Mr. Latuharhary, Mengenang Tokoh Hukum dari Saparua




Orang Jakarta lebih mengenal kawasan sekitar Jalan Latuharhary sebagai lokasi mangkal kaum waria pada malam hari, dan tempat penjualan anak-anak anjing berkelas.

Memanjang dari ujung Jalan Kendal hingga ke ujung Jalan Sukabumi, di kawasan elit Menteng Jakarta Pusat, Jalan Latuharhary merupakan salah satu jalan yang banyak dilewati penikmat kehidupan malam. Maklum, kawasan Latuharhary dan sekitarnya yang dikenal sebagai Taman Lawang adalah tempat mejeng pria transeksual alias waria. Dari Jalan Blora menuju Latuharhary, penjaja seks komersial juga sering terlihat pada malam hari.

Sebelum dilakukan pembersihan untuk proyek Banjir Kanal Barat Sungai Ciliwung, kita juga bisa menemukan geliat kehidupan malam di pinggir rel kereta api jurusan Manggarai-Tanah Abang. Kalau siang hari, kita sering melihat penjual berbagai jenis anak anjing berkelas seperti dalmatians, rotweiller, dan siberian husky. Kehidupan malam di seputar Latuharhary bisa jadi tak terpisahkan dari sejarah prostitusi di kawasan Halimun. Halimun hanya berbatasan Kali Ciliwung dan Jalan Sultan Agung dengan Jalan Latuharhary. Pada dekade 1960-an, Halimun dikenal sebagai kawasan prostitusi terbesar di Jakarta.

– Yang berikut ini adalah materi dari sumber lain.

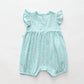 Ditsy Darling Boho Bodysuit Ollies Place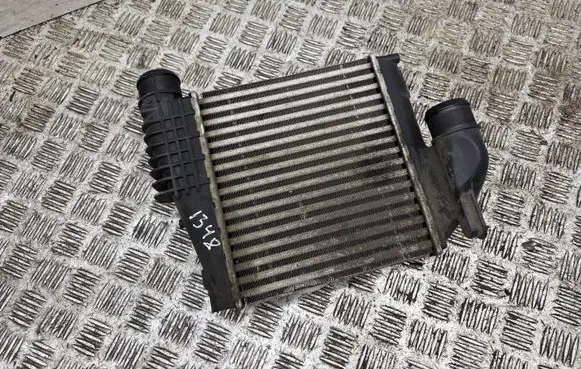 Peugeot 308 Intercooler radiator 9675627980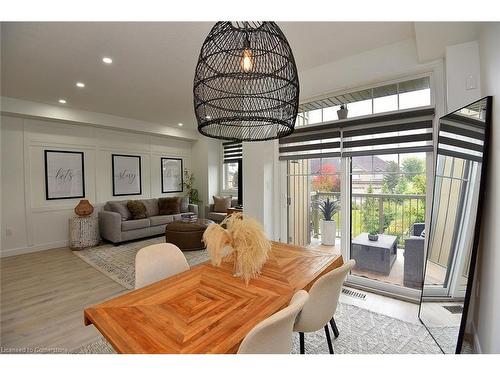 27-310 Fall Fair Way, Binbrook, ON - Indoor Photo Showing Dining Room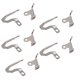 thumbnail image 1 of Overlock Looper, 10 piezas Máquina de coser Looper Máquina de coser Looper Looper de acero inoxidable Artesanía superior, 1 of 9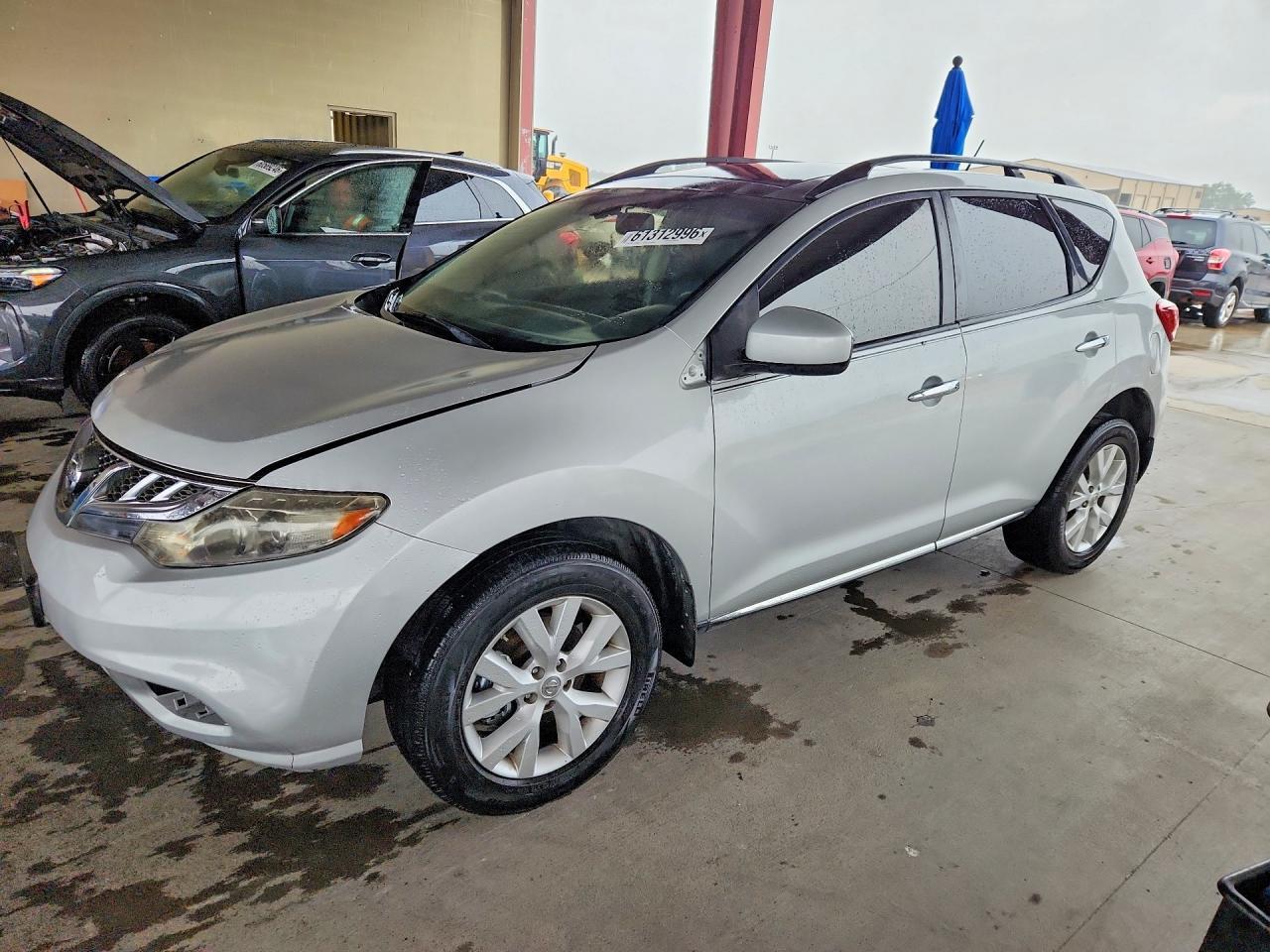 2014 Nissan Murano Sl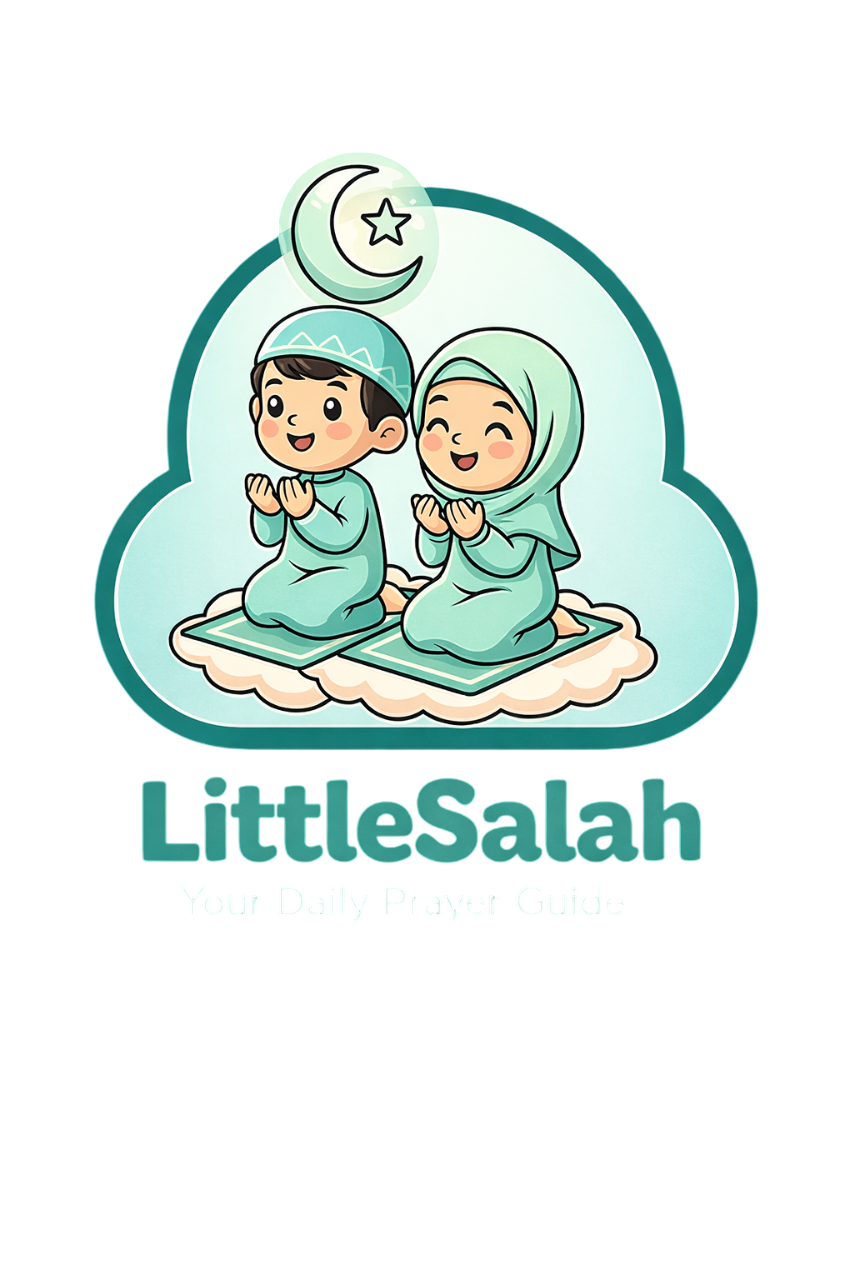 LittleSalah Logo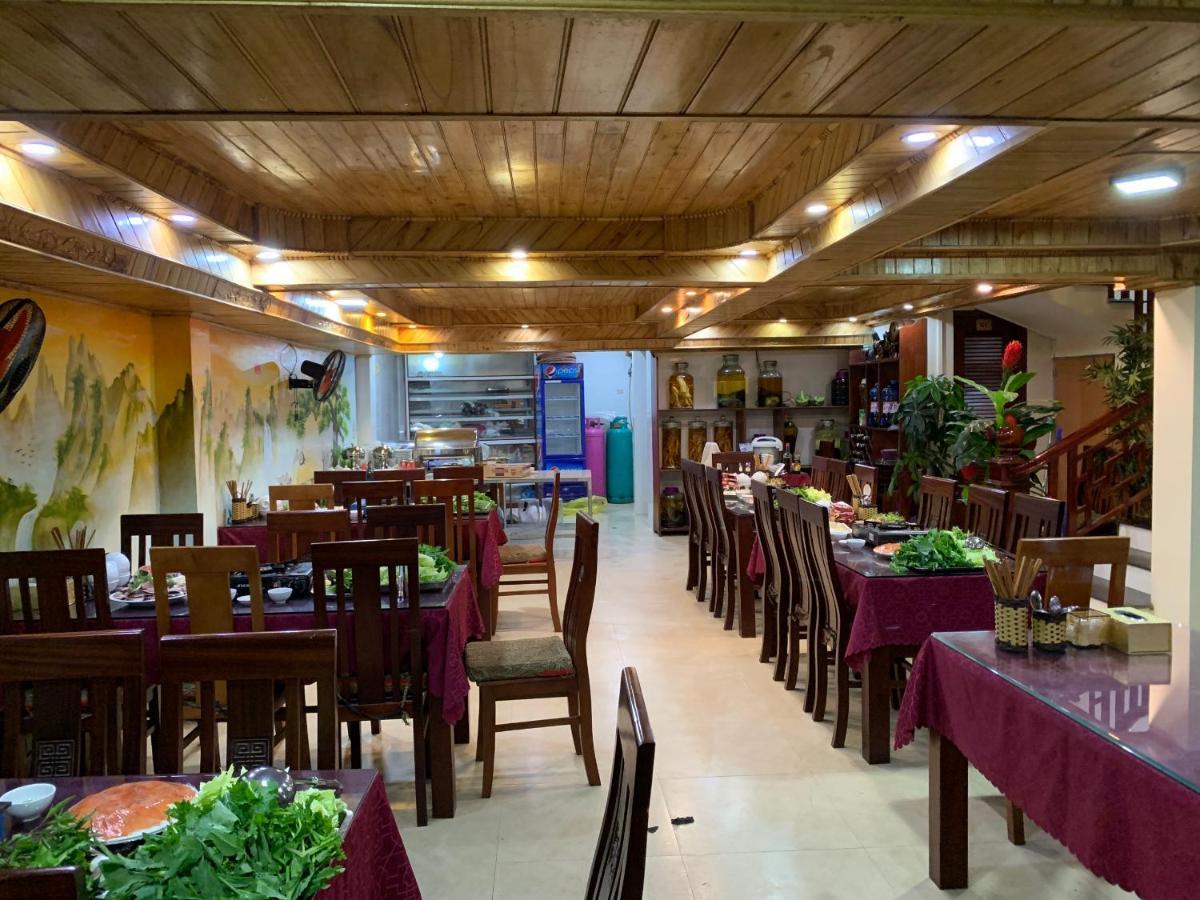 Mây Hồ Hotel Sapa Extérieur photo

Nama Latuharhary sebenarnya tidak hanya diabadikan untuk jalan. Dulu, pada masa Ali Sadikin menjadi Menko Maritim, kita memiliki kapal Johannes Latuharhary yang berhasil keliling dunia selama empat bulan. Kini, orang lebih mengenal nama Latuharhary sebagai nama jalan di Jakarta.

Jalan Latuharhary terletak tidak jauh dari rumah dinas Wakil Presiden. Di jalan ini berdiri kantor Komnas HAM dan Komnas Perempuan. Sebelum pindah ke Latuharhary pada November 1996, kantor Komnas HAM terletak di Jalan Pemuda, Jakarta Timur.

Lalu, pernahkah Anda mencari tahu siapa Mr Latuharhary yang namanya diabadikan pada jalan tersebut? Seorang komisioner di salah satu Komisi tadi tanpa malu-malu mengaku tidak tahu jawabannya. Ia hanya bisa menebak. Dari gelarnya sih pasti orang hukum, jawab sang komisioner. Ia menunjuk papan nama jalan yang menyebut Latuharhary, SH.

Jawaban senada datang dari komisioner Komnas HAM, M. Ridha Saleh. Saya tidak terlalu begitu mendalam soal Latuharhary, ujarnya. Ridha Saleh hanya tahu bahwa Latuharhary adalah seorang tokoh bangsa pada masa perjuangan yang berperan dalam bidang hukum dan politik.

Lalu, siapakah sebenarnya Latuharhary? Apa kiprahnya di dunia hukum sehingga namanya diabadikan sebagai nama jalan? Pertanyaan itu memutar kembali memori Ketua Komisi Hukum Nasional (KHN) Prof. J.E. Sahetapy. Pada September 1995 silam, Prof. Sahetapy didaulat untuk memberikan memorial lecture untuk memperingati dua tokoh nasional asal Tanah Saparua, yakni dokter J. Leimena dan Mr. J. Latuharhary.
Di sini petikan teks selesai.